Exercise directions: An exact copy of all the data below is needed, without its pictures.

Listed entries:

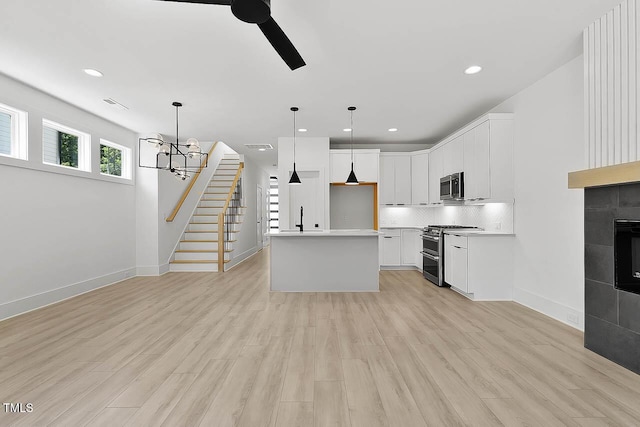 140 E End Ave, Durham, NC 27703 - kitchen featuring appliances with stainless steel finishes, a ceiling fan, decorative light fixtures, tasteful backsplash, and light wood-style floors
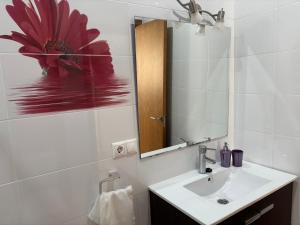 biała łazienka z umywalką i lustrem w obiekcie APARTAMENTO CALMA EN EL CENTRO w mieście Conil de la Frontera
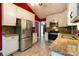 Well-equipped kitchen with stainless steel appliances, granite countertops, and tiled backsplash at 2738 Westminister Nw Ln, Conyers, GA 30012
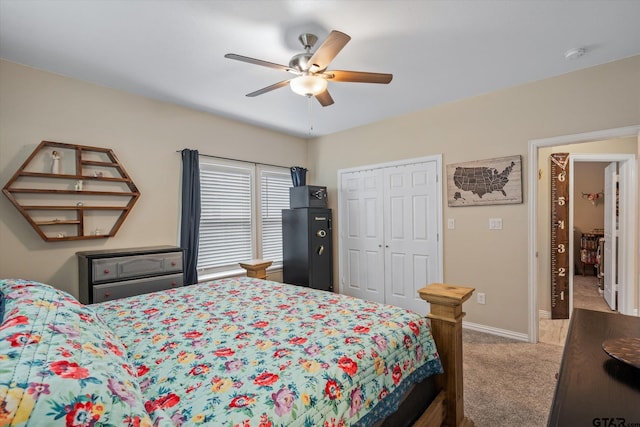 carpeted bedroom featuring ceiling fan and a closet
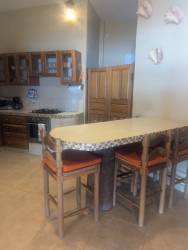 Spacious living dining room in Palenque beachfront house for sale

Solution to this problem:
 140 E End Ave, Durham, NC 27703 - kitchen featuring appliances with stainless steel finishes, a ceiling fan, decorative light fixtures, tasteful backsplash, and light wood-style floors
 biała łazienka z umywalką i lustrem w obiekcie APARTAMENTO CALMA EN EL CENTRO w mieście Conil de la Frontera
 Well-equipped kitchen with stainless steel appliances, granite countertops, and tiled backsplash at 2738 Westminister Nw Ln, Conyers, GA 30012
 carpeted bedroom featuring ceiling fan and a closet
 Spacious living dining room in Palenque beachfront house for sale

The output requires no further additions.